Wir beschließen aber gleichwohl auch einen Haushalt, der weiterhin geprägt ist vom Ziel, für Zukunft und Zusammenhalt zu sorgen. In dem wir wichtige Investitionsmaßnahmen fortführen. In dem wir aufzeigen, dass wir bei allem notwendigen Konsolidierungsbedarf ein möglichst vielfältiges Angebot in all den Aufgaben unserer Stadt erhalten wollen. Dass Zusammenhalt so wichtig ist wie Zukunft.
Dieser Haushalt wird wahrscheinlich nie Rechtskraft erlangen, vor uns liegt wohl ein Jahr vorläufiger Haushaltsführung.
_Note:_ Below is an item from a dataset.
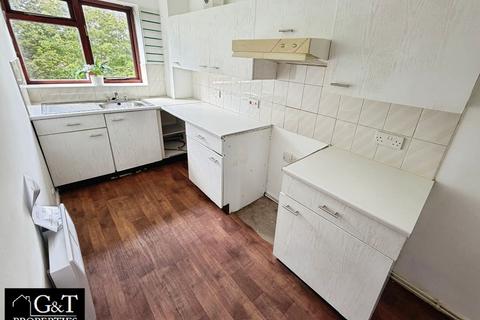 1 bedroom flat to rent, Hawbush Gardens, Hawbush Road, Brierley Hill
Und trotzdem ist der Haushaltsbeschluss heute wichtig, um deutlich zu machen, in welche Richtung wir die notwendige Haushaltskonsolidierung steuern wollen. Und wir gehen davon aus – und habe die Signale der Regierung auch so wahrgenommen – dass dieser Haushaltsplan die Orientierung sein wird, wenn die Regierung im Rahmen der vorläufigen Haushaltsführung Entscheidungen zum Beispiel über Kreditgenehmigungen trifft – wenn wir gleichzeitig den Konsolidierungsprozess konsequent und zielorientiert angehen.
Die SPD-Fraktion stimmt daher diesem Haushaltsplan zu. Bei allen Einschränkungen, die die Konsolidierungsmaßnahmen bedeuten, bei allem Wissen, dass wir damit noch nicht am Ende sind: Er ist der richtige Weg, um Zukunft und Zusammenhalt in unserer Stadt auch in schwierigen Haushaltsjahren zu sichern.